Jobs that are low value-added and easily automatable should and will disappear over the next decade.
People talk a lot about India moving up the value chain. Some of that has indeed happened. An industry that started gaining momentum when Indian software developers were tapped to help fix the 'Y2K' problems in old software code has blossomed beautifully into one that offers a much more comprehensive spectrum of services.
Yet, India, for all its glory, is still the world's back office. India's tech industry is a "services" industry. The Indians don't do the thinking. The customers do. India executes.
As a result, India has not learned to invent technology products of its own. Barring a few exceptions, the huge amount of venture capital chasing India finds it difficult to be deployed. There is way too much money, way too few deals. Instead, tech-sector VCs are now diverting capital to retail, real estate, hotels and other non-tech sectors.
India's $30 billion IT/ITES services industry, meanwhile, is slowly and surely losing its competitive advantage.
Most of the 4 million people that the industry employs have now "arrived." They have breezed through the milestones that their fathers had to toil all their lives to reach. A phone. A watch. A TV. A car. A house.
They are complacent. They will not take risks. They have "outsourced" thinking to their customers.
As the 1:3 cost structure becomes 1:1.5, it will soon become inefficient to use Indian labor. Why not Oklahoma or British Columbia? For many Europeans, Eastern Europe has already become more compelling than India. The pure labor arbitrage equation will no longer balance.

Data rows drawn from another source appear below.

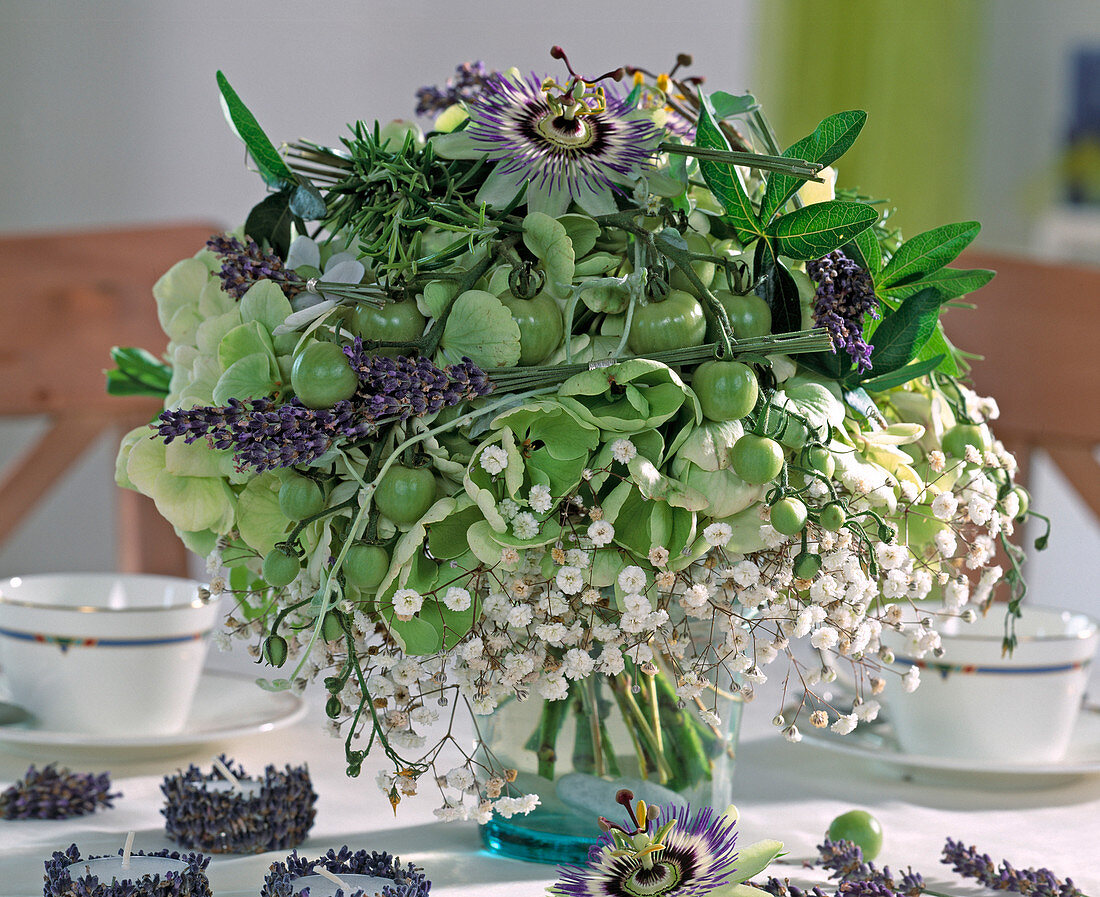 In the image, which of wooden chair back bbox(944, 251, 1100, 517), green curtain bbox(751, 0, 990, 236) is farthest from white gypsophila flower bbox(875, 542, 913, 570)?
green curtain bbox(751, 0, 990, 236)

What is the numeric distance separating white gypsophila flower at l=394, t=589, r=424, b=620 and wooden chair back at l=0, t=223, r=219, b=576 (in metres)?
1.07

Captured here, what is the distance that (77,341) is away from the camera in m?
1.50

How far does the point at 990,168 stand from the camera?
3148 millimetres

ADP, the largest U.S. payroll services provider, has 45,000 employees worldwide, of which only 2,500 are in India. It has around 1,000 workers in El Paso, Texas, it's expanding a location in Augusta, Ga., and it's opening a facility in Jackson, Miss. It's also growing a location in Halifax, Canada. ADP isn't moving its workforce to India--it's hedging its bets geographically. On a recent earnings call, ADP's chief executive used terms such as "smartshoring," and "nearshoring" to describe the strategy.
The software as a service (SaaS) megatrend in technology also plays against India.

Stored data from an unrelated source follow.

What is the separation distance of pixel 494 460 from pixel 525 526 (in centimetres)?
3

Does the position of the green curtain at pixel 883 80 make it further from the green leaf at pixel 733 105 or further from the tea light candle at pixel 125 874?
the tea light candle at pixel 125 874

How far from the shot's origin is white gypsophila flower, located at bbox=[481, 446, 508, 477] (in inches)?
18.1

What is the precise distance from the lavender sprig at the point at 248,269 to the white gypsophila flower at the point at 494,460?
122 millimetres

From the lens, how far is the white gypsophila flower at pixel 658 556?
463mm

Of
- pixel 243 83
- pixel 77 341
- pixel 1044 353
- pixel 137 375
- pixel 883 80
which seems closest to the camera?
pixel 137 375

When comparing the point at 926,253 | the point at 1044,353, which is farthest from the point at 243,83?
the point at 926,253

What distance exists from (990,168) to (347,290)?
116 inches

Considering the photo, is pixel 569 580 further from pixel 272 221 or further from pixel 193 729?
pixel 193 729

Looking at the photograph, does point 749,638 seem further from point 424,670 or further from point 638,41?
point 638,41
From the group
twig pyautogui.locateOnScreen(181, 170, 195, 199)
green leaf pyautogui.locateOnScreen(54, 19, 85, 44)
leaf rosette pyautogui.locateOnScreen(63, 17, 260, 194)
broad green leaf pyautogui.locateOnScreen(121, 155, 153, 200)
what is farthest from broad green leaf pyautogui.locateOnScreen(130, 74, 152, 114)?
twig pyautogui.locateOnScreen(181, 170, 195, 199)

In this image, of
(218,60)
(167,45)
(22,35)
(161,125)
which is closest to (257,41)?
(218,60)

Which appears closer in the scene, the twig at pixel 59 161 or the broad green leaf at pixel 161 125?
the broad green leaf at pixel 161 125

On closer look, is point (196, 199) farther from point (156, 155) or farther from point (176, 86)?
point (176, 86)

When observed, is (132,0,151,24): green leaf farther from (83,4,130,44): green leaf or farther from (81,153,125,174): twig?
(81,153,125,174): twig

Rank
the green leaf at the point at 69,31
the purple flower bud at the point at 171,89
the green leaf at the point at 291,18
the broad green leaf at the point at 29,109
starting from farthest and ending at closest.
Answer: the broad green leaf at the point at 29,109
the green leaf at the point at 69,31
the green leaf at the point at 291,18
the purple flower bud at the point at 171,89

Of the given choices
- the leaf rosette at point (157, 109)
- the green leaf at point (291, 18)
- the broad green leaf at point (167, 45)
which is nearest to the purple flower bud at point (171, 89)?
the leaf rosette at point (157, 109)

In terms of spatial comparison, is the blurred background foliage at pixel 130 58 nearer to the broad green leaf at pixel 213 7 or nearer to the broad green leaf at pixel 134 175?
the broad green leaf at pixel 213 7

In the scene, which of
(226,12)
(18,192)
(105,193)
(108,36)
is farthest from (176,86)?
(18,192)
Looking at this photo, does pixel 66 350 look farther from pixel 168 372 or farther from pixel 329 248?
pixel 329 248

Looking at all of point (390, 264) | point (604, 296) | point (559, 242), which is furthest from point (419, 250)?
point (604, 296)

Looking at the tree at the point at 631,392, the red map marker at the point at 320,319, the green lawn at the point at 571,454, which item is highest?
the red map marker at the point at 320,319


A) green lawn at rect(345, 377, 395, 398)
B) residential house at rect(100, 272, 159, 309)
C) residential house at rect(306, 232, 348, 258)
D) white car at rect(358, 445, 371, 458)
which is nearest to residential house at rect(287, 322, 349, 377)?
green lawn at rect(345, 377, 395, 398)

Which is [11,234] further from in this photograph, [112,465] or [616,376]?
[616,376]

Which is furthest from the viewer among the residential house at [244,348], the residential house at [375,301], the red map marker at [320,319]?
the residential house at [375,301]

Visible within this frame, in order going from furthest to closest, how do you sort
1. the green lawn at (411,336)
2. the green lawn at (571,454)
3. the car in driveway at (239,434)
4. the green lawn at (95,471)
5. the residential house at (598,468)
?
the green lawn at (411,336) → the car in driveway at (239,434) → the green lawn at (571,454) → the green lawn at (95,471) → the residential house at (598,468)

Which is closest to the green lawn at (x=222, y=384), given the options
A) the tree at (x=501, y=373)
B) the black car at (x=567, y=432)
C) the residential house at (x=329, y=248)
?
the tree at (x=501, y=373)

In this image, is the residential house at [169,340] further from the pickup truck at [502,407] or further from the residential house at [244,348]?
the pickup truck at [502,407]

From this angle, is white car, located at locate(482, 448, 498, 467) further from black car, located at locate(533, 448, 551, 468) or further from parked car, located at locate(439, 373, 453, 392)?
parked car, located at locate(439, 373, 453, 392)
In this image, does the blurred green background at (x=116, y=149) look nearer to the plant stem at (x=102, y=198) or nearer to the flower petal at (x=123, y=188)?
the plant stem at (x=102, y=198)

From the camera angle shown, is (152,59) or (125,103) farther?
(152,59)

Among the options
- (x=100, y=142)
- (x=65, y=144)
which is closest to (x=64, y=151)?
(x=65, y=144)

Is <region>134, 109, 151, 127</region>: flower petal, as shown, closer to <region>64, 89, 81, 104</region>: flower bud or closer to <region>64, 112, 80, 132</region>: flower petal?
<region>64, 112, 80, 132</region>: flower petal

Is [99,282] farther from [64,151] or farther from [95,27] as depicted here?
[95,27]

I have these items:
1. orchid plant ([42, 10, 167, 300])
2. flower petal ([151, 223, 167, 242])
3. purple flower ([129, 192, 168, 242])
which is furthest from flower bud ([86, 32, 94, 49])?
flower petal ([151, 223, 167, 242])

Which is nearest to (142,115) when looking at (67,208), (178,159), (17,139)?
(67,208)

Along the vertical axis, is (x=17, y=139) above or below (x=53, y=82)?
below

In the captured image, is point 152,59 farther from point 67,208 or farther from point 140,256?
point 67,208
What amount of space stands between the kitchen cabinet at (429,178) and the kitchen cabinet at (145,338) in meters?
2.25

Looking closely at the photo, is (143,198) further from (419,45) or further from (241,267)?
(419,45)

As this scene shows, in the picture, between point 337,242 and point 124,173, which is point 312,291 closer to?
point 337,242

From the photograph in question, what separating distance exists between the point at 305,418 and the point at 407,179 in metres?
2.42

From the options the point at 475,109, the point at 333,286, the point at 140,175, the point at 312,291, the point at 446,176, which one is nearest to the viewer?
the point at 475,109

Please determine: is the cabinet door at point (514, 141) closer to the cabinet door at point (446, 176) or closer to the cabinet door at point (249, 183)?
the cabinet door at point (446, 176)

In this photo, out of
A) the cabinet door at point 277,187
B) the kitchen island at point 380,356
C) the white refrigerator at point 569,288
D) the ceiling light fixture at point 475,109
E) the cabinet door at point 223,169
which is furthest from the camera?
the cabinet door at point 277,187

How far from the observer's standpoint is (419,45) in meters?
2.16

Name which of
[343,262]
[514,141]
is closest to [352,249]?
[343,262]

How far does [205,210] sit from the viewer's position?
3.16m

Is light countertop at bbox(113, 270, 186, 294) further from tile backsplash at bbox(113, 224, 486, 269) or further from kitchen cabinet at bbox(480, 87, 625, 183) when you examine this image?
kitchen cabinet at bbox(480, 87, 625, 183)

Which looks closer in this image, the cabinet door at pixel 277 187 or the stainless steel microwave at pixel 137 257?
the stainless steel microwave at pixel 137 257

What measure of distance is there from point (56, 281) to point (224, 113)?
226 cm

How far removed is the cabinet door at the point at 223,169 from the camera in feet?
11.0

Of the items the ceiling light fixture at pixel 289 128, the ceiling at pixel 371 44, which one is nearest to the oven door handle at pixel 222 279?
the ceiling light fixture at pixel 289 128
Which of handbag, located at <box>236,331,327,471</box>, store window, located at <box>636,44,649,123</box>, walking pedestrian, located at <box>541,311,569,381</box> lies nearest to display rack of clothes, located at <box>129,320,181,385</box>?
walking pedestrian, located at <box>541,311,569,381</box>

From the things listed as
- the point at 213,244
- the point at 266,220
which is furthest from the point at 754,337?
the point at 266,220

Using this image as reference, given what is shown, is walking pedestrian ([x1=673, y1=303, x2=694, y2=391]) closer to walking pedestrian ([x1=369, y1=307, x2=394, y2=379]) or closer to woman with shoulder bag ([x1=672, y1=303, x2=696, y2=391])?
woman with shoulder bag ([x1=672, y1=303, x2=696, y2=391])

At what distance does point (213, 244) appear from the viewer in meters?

Here's an example: There's a tiny Silicon Valley start-up called InsideView. It helps customers to generate sales leads, qualify those leads and use technology tools to help find big sales opportunities for customers.
In November 2007, InsideView acquired a company called TrueAdvantage, which did the exact same thing manually with a team of 150 people in India. After the acquisition, InsideView moved all 2,500 of TrueAdvantage's customers over to its SaaS solution. All 150 TruAdvantage employees in India were laid off.

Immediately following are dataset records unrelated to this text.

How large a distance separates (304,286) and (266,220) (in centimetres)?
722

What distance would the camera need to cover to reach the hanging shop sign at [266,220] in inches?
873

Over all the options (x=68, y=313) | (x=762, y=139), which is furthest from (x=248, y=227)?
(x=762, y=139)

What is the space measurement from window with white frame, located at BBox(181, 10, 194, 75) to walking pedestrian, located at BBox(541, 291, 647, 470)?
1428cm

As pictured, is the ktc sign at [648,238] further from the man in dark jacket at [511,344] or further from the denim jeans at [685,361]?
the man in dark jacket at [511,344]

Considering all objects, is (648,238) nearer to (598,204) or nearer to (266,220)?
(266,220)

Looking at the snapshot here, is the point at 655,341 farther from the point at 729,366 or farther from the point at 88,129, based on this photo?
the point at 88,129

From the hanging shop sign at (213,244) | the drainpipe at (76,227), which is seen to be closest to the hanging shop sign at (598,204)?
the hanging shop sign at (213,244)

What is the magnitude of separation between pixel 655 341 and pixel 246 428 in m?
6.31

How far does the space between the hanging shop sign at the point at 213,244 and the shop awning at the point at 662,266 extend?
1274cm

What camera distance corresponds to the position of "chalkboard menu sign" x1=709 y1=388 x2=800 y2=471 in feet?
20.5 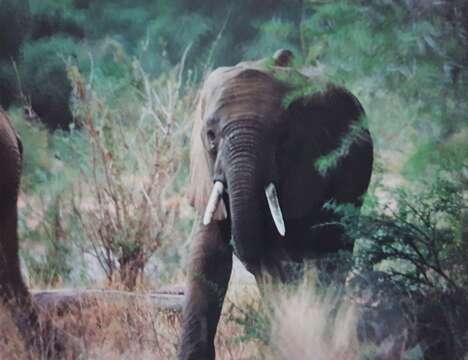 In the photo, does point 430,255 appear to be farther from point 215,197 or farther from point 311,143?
point 215,197

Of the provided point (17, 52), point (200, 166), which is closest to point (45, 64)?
point (17, 52)

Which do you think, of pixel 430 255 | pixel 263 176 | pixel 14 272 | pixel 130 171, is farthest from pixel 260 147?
pixel 14 272

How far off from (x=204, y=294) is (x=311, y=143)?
1.86 feet

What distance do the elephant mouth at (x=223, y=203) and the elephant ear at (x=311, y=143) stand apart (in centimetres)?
8

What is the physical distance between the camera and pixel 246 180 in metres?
2.45

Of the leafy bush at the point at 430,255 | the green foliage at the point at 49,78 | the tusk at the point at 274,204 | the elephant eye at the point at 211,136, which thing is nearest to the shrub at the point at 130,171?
the green foliage at the point at 49,78

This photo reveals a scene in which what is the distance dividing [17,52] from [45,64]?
0.11 metres

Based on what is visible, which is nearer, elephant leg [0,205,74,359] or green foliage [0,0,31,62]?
elephant leg [0,205,74,359]

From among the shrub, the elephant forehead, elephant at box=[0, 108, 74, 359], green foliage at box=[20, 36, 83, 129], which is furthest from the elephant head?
elephant at box=[0, 108, 74, 359]

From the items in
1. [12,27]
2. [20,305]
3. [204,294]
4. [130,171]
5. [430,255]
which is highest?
[12,27]

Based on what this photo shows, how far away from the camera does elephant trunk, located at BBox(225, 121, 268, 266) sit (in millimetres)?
2451

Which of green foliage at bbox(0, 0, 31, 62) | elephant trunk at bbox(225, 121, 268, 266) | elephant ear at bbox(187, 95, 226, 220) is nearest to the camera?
elephant trunk at bbox(225, 121, 268, 266)

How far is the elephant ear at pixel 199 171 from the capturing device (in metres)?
2.58

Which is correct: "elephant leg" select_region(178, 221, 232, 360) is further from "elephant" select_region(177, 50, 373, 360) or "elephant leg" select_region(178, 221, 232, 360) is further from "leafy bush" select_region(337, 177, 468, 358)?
"leafy bush" select_region(337, 177, 468, 358)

That's been a familiar tale in Detroit--but no so far in India. But that's changing.
Indian powerhouses like Infosys and Wipro must diversify their portfolios away from pure body-shopping and process competencies to technology-driven advantages. They, too, could build--or acquire--SaaS businesses.
So far that's not happening. Infosys is still hiring thousands of new employees in India every year. The mood is upbeat. Nasscom is forecasting 25% annual growth in the Indian IT services industry for the next few years. The golden goose is still laying large, warm eggs, enough to feed the 4 million and their families, servants, chauffeurs and cooks.
Meanwhile, the workforce is getting comfortable in their cubicle chairs, just as the turkey gets comfortable before Thanksgiving.
Forbes recently published some scary statistics on wage inflation in India. Salaries rose 15.1% in 2007, up from 14.4% the previous year. The 2008 forecast: 15.2%. This would be the fifth consecutive year of salary growth above 10%.
Add to that the appreciation of the rupee against the weakening dollar, and its impact on the labor arbitrage market.
Is the death of Indian outsourcing all that far off?
Assuming a 15% year-to-year salary hike rate, and a 2007 cost advantage of 1:3 in favor of India, if US wages remain constant, India's cost advantage disappears by 2015. Then what?